By Nandita Das
Jashn-e-Rekhta, a two-day celebration of Urdu in Delhi, is what got me thinking more deeply about Urdu. Along with an overwhelmingly large audience of young people, I found myself at the venue from morning to night, listening to a stellar lineup of poets, writers, orators and performers. Having grown up in Delhi, I speak and understand much of Urdu and the rest I figure out because of the context and when I don't, I simply enjoy the sound of it.
Recently a friend enlightened me that the analysis of the standard Urdu dictionary, the Farhang-e-Asfia, showed that 75 per cent of all the words in the dictionary were derived from Sanskrit and Prakrit. Additionally, all the base words of Urdu, its entire grammar and syntax came from Hindi. Similarly, modern standard Hindi emerged from Urdu through the replacement of its Persian and Arabic words with those derived from Sanskrit. All this basically means is that Urdu is of Hindi, just as Hindi is of Urdu.
Therefore, it would be fair to say that Hindi and Urdu are part of an overlapping continuum with Sanskritised Hindi at one end and Persianised-Arabicised Urdu at the other, with the middle occupied by a flexible and living language, which we have come to call Hindustani. But as it lacks a distinct script or a single literature, it never came to be seen as a real language.
We are conditioned to think in terms of Hindi vs Urdu, Nastaliq (Urdu script) vs Devanagri (Hindi script), and Hindu vs Muslim. It should hardly come as a surprise that a complex and shared linguistic and literary tradition gets simplified, polarised and eventually partitioned. The famous writer Saadat Hasan Manto ridicules the artificial Hindi-Urdu divide in a satirical piece in which two friends are arguing passionately about which is a better drink: soda lemon mix or lemon soda mix!
While researching for my upcoming directorial project on Manto, I noted that during his time, Urdu was hardly the exclusive preserve of the Muslims. Several Urdu writers of that time were Hindus and Sikhs, such as two great ones, Krishan Chander and Rajinder Singh Bedi. Nor did only Muslims write in the Nastaliq script, which was widely used in north India, especially in Punjab. Even today, many poets and writers like Gulzar, a Sikh by birth, write in Nastaliq, whether their works are in Urdu, Hindi or Punjabi.

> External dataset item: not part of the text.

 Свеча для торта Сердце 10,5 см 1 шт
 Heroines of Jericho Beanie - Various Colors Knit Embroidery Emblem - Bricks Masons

Languages typically belong to a region, and not to a religion. Kerala Muslims speak Malayalam, Tamil Muslims speak Tamil and the ones in Assam speak Assamese. One of the many gifts of the British and the right-wingers is that they have made us believe that a language can be divided on religious lines. But we must not forget that Bangladesh, a Muslim nation, got its freedom from Pakistan in 1971 on the basis of its language, Bengali. The attempt to impose Urdu over Bengali was soundly rejected by its “Muslim” people.
In the opening credits of the film Jodhaa Akbar, the name of the film appears in a combination of Devanagri (when writing the word 'Jodhaa') and Nastaliq (when writing 'Akbar'), notwithstanding the fact that neither Hindi nor Urdu had even come into existence at that time. This exemplifies how Hindi is seen in the popular imagination as the language of the Hindus and Urdu that of the Muslims. If we continue to seek differences rather than common grounds, then the result will be a relentlessly self-fulfilling prophecy.
Urdu is a mongrel language with its roots in a cosmopolitan ethos. It is a language adopted by Sufi saints, bhakti singers and mostly by ordinary people. Despite decades of communalism that has made Urdu the language of the Muslims, and worse, the language of the 'enemy' nation of Pakistan, the love for Urdu continues. I was glad to be part of those thousands of people, from various and diverse backgrounds, who thronged to Jashn-e-Rekhta, to celebrate Urdu, subverting the notion that it belongs to any one community.